As a physician who travels a lot, I have been called on 19 times to see patients who are ill on planes.For that story click here. You should not travel if you are feeling ill. You put yourself in a place where you can not get good medical care as well as puttingt fellow passengers at risk of you transmitting an infectious disease.
Screening for Ebola at airports: the new measures have been announced and they include:
(a) All passengers coming into those five airports will be given an additional form and if they have visited those countries will be screened for a temperature. If they have a temperature they will be sent to
(b) A room to be evaluated by the CDC
West Africa transports 36,000 people per year, about half of them come to the United States. Of those last year about 77 would have been brought in for additional screening. Those 77 would have had malaria. Malaria kills 3000 people per day, and while we have effective treatment for it, in two days more people will die from malaria than all the people who have died from Ebola in the world.
News widely reported that this is the first time such screenings have occurred but are incorrect – previously the US Public Health Service had nurses at all the major airports and they were there to screen any passengers that were ill. Those nurse positions were eliminated after budget cuts to the US Public Health Service.
US Airport workers claim that they have not been trained to clean up should a passenger become sick. However, such a plane would likely undergo cleaning by a Hazmat crew. Most airport workers have been taught to clean up blood – involving changing the seat covers as well as a terminal clean.
Will this be effective? It will no doubt catch those passengers who have malaria, and asymptomatic patients it will not catch – for example, it would not have caught Titus Duncan, the Dallas man who died October 8th from Ebola.
Or consider the case of Australia and the 2003 SARS outbreak. Australia’s airports screened more than 1.8 million incoming passengers for the airborne virus (Ebola is not airborne) and found 794 with elevated temperatures. They held those travelers for additional testing, but no one turned out to have SARS.

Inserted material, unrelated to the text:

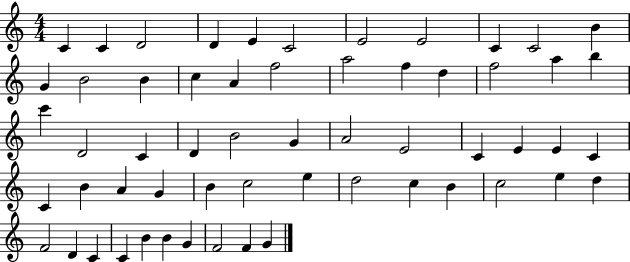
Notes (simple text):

C4/q C4/q D4/h D4/q E4/q C4/h E4/h E4/h C4/q C4/h B4/q G4/q B4/h B4/q C5/q A4/q F5/h A5/h F5/q D5/q F5/h A5/q B5/q C6/q D4/h C4/q D4/q B4/h G4/q A4/h E4/h C4/q E4/q E4/q C4/q C4/q B4/q A4/q G4/q B4/q C5/h E5/q D5/h C5/q B4/q C5/h E5/q D5/q F4/h D4/q C4/q C4/q B4/q B4/q G4/q F4/h F4/q G4/q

Singapore and Canada saw similar results: millions of passengers screened, and few if any SARS cases detected. Screening only resulted in thousands of people’s travel plans disrupted and in some cases were quarantined for days.
If you are sick – don’t travel, unless you are traveling under medical care to obtain treatment.
In the meantime- my international travel will go through airports where I won’t have to undergo this kind of screening or have the plane held up because of that – hello Seattle, Dallas, Chicago, Houston. And coming back to the states, I will come through airports where the screening is done on the other side of the border (Toronto, Ireland).